▶ _Work instruction_
Exactly as written, retype the lines that run from the line holding "BEAMS別注Barbour TRANSPORT ウォッシュド　ブラック　34" through the end of the records below. Do not include pictures.

··· The data ···

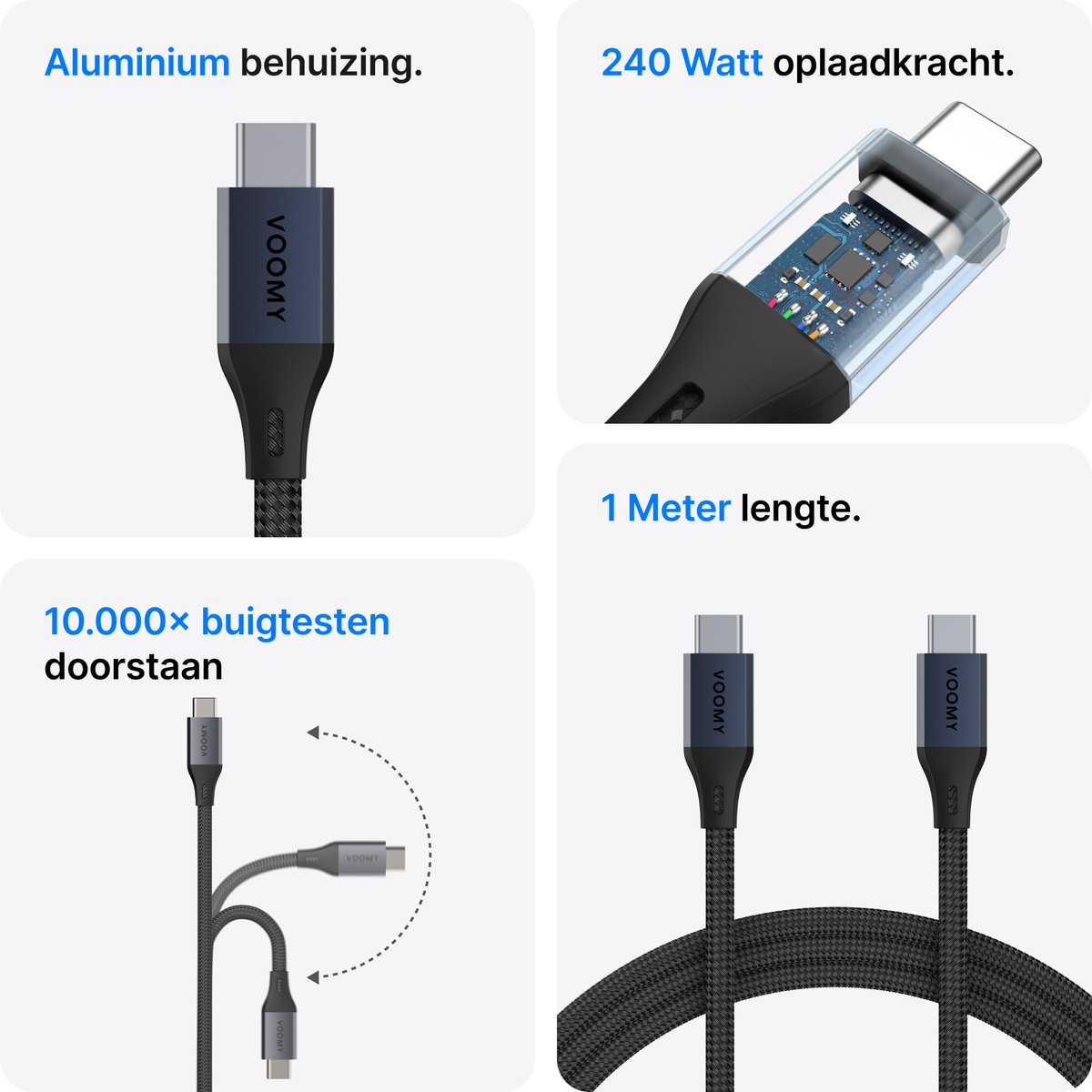 Voomy USB C Kabel 240W - 1 Meter - USB-C naar USB-C oplaadkabel - Geschikt voor Telefoon, Tablet & Laptop - Gevlochten Nylon - Space Grey — afbeelding 4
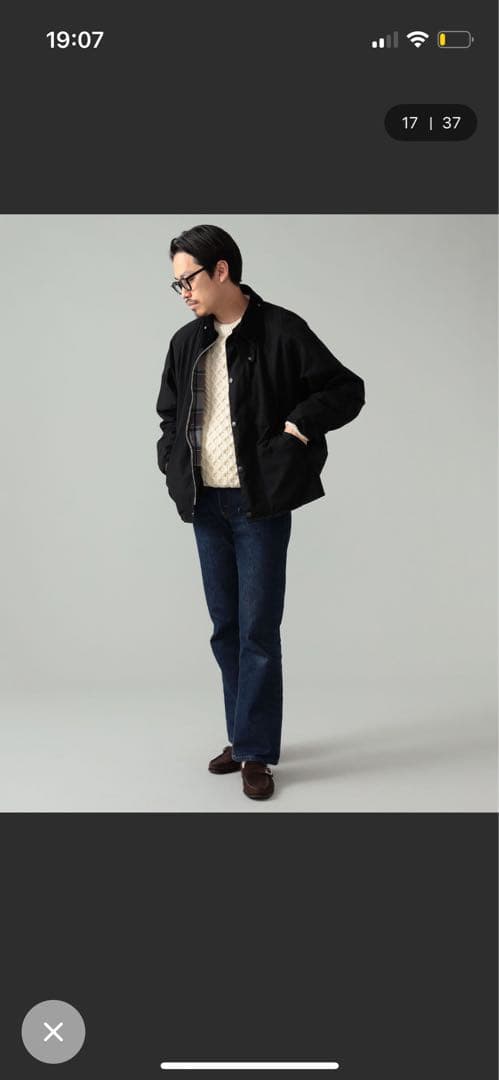 BEAMS別注Barbour TRANSPORT ウォッシュド　ブラック　34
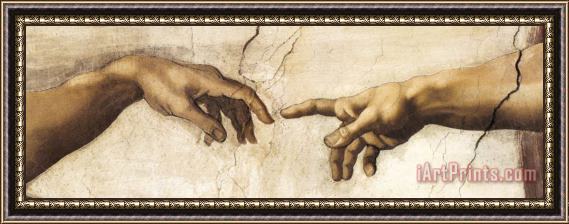 Michelangelo Buonarroti Creation Hands Framed Painting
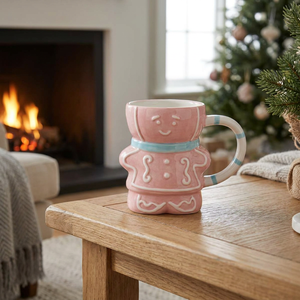 Tasses en céramique de Noël en gros, motif bonhomme de pain d'épices rose, avec poignée rayée en relief, tasses à boisson festives fantaisie en gros - Product Image 3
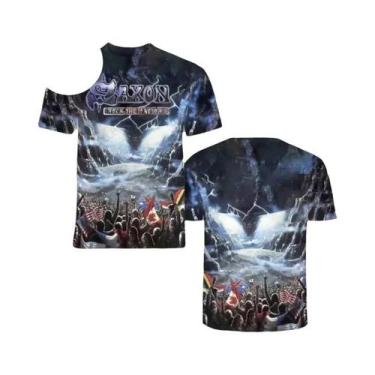 Imagem de Camiseta Unissex Oversized Hip Hop Com Estampa 3D Da Banda Rock Saxon,
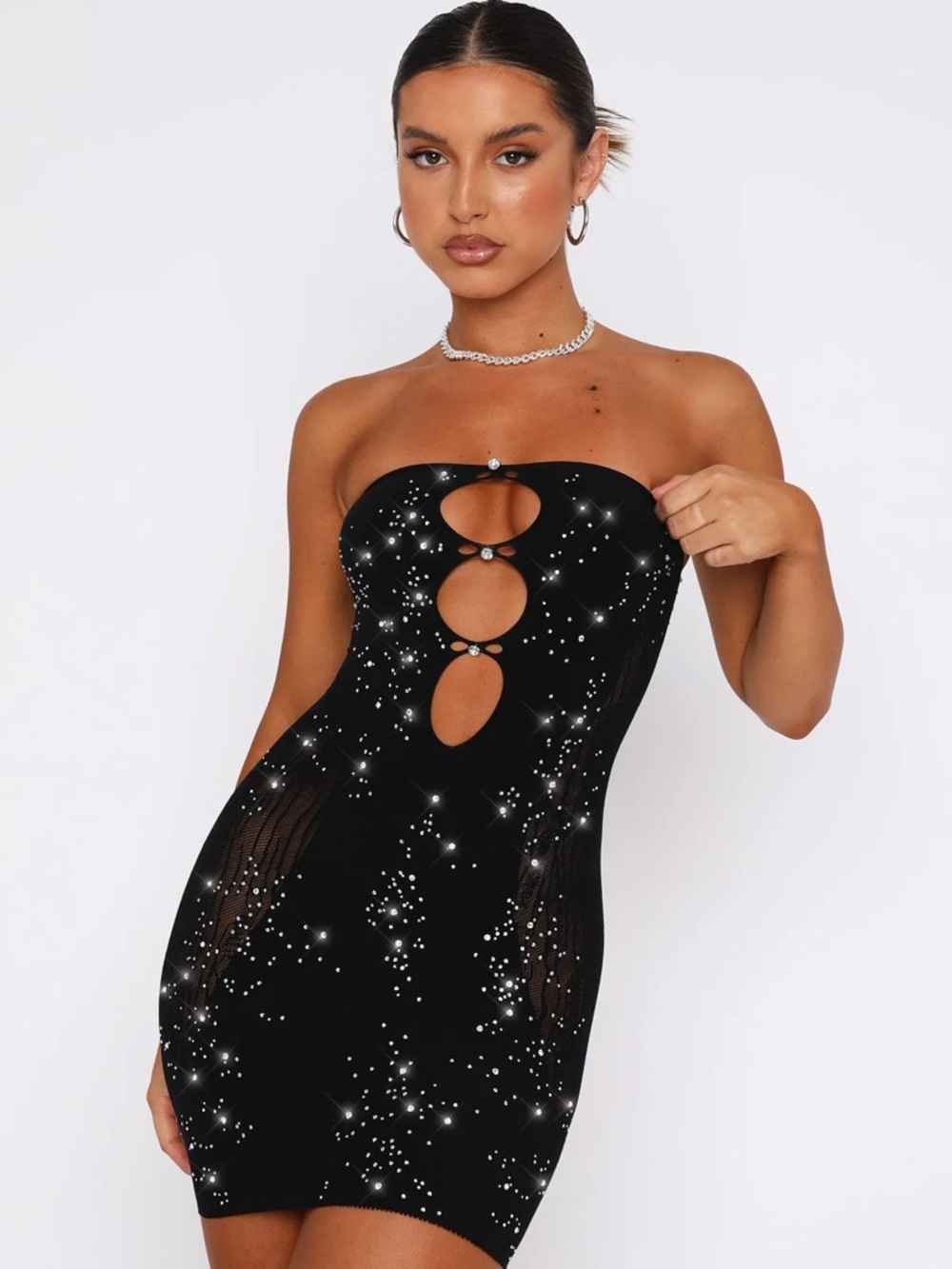 White Fox Boutique Black Strapless Cutout Mini Dress with Rhinestone Sparkle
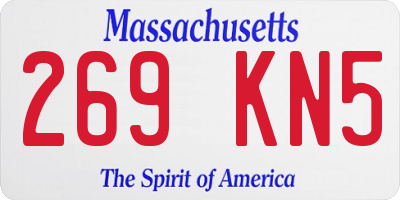MA license plate 269KN5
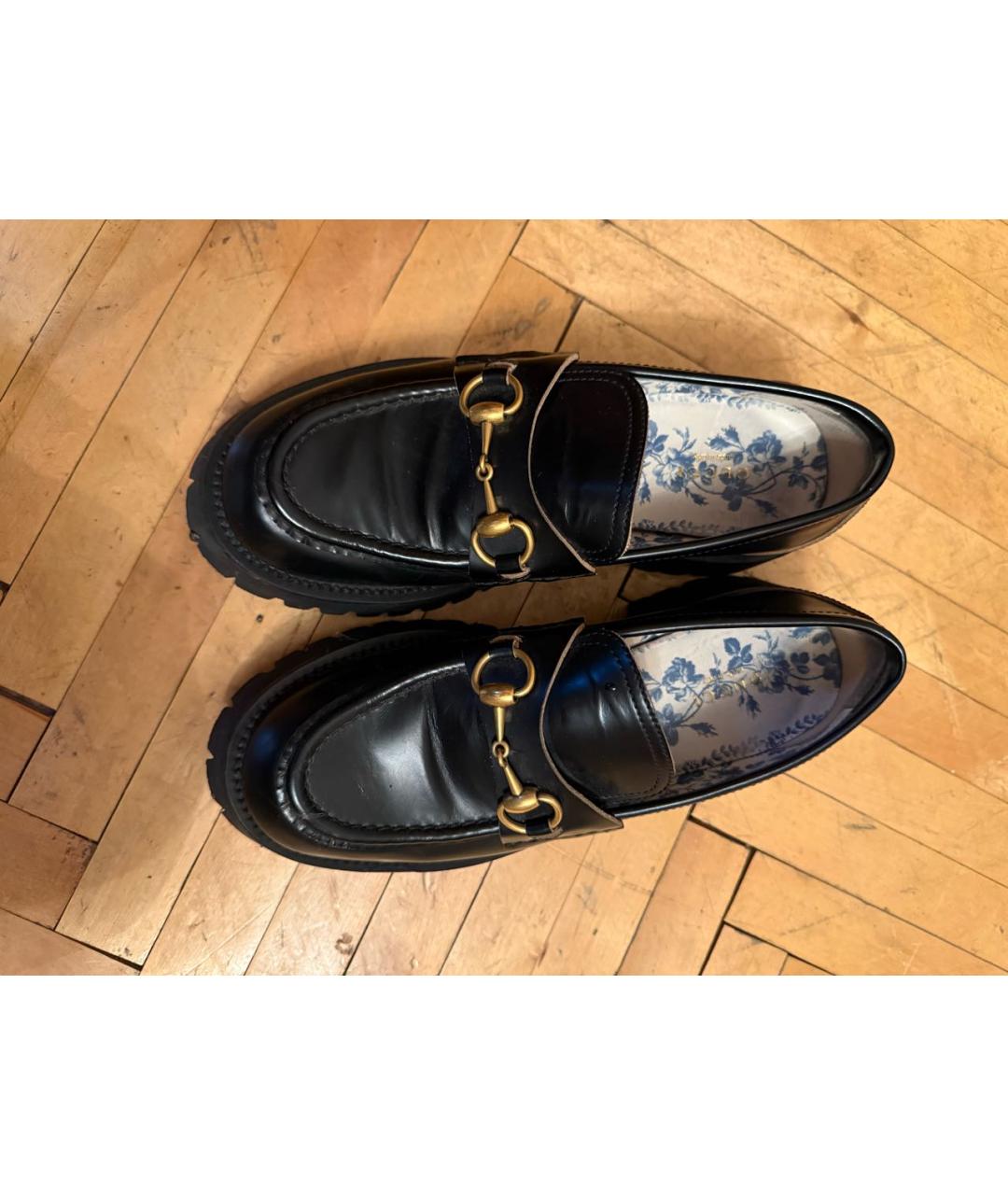 GUCCI Черные кожаные лоферы, фото 2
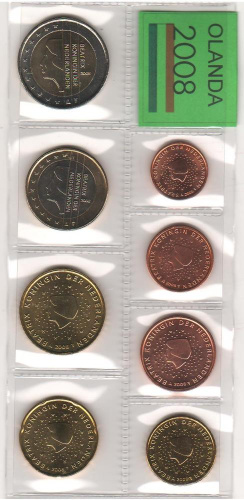 фото Нидерланды набор из 8 монет евро 2008 UNC 1, 2, 5, 10, 20, 50 евроцентов, 1, 2 евро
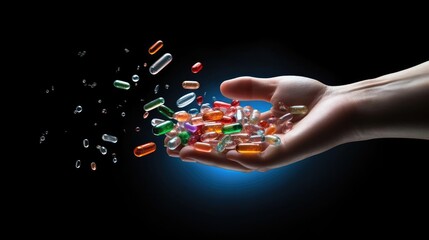 A man's hand holds multi-colored pills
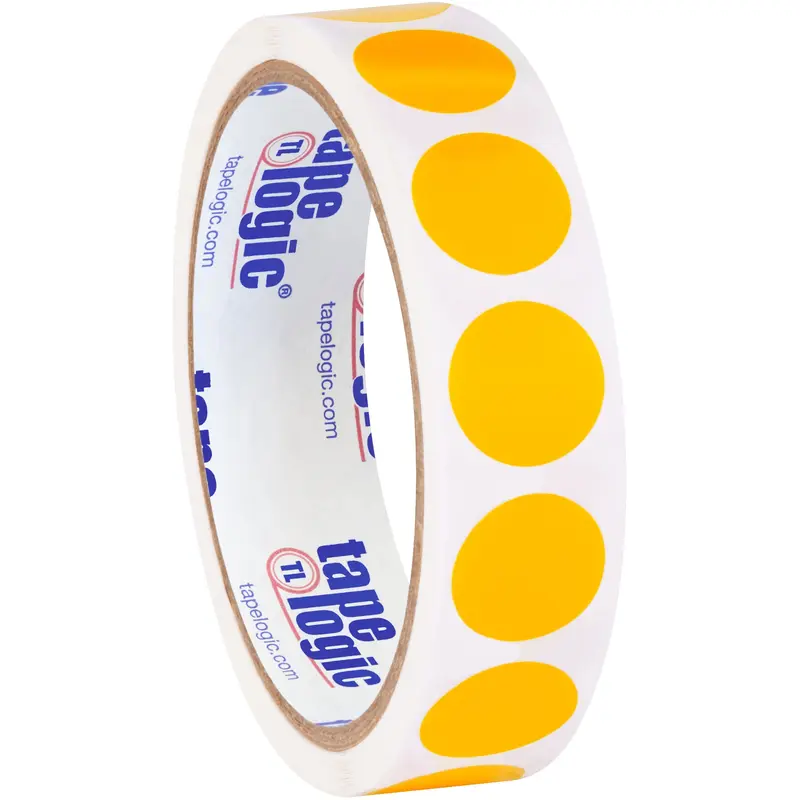 3/4" Circles - Fluorescent Orange Removable Labels (DL1388FO) Roll Of 500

···

▶ _Solution_
 BEAMS別注Barbour TRANSPORT ウォッシュド　ブラック　34
 Michelangelo Buonarroti Creation Hands Framed Painting
 Tasses en céramique de Noël en gros, motif bonhomme de pain d'épices rose, avec poignée rayée en relief, tasses à boisson festives fantaisie en gros - Product Image 3
 Imagem de Camiseta Unissex Oversized Hip Hop Com Estampa 3D Da Banda Rock Saxon,
 White Fox Boutique Black Strapless Cutout Mini Dress with Rhinestone Sparkle
MA license plate 269KN5
 GUCCI Черные кожаные лоферы, фото 2
 фото Нидерланды набор из 8 монет евро 2008 UNC 1, 2, 5, 10, 20, 50 евроцентов, 1, 2 евро
 A man's hand holds multi-colored pills
 3/4" Circles - Fluorescent Orange Removable Labels (DL1388FO) Roll Of 500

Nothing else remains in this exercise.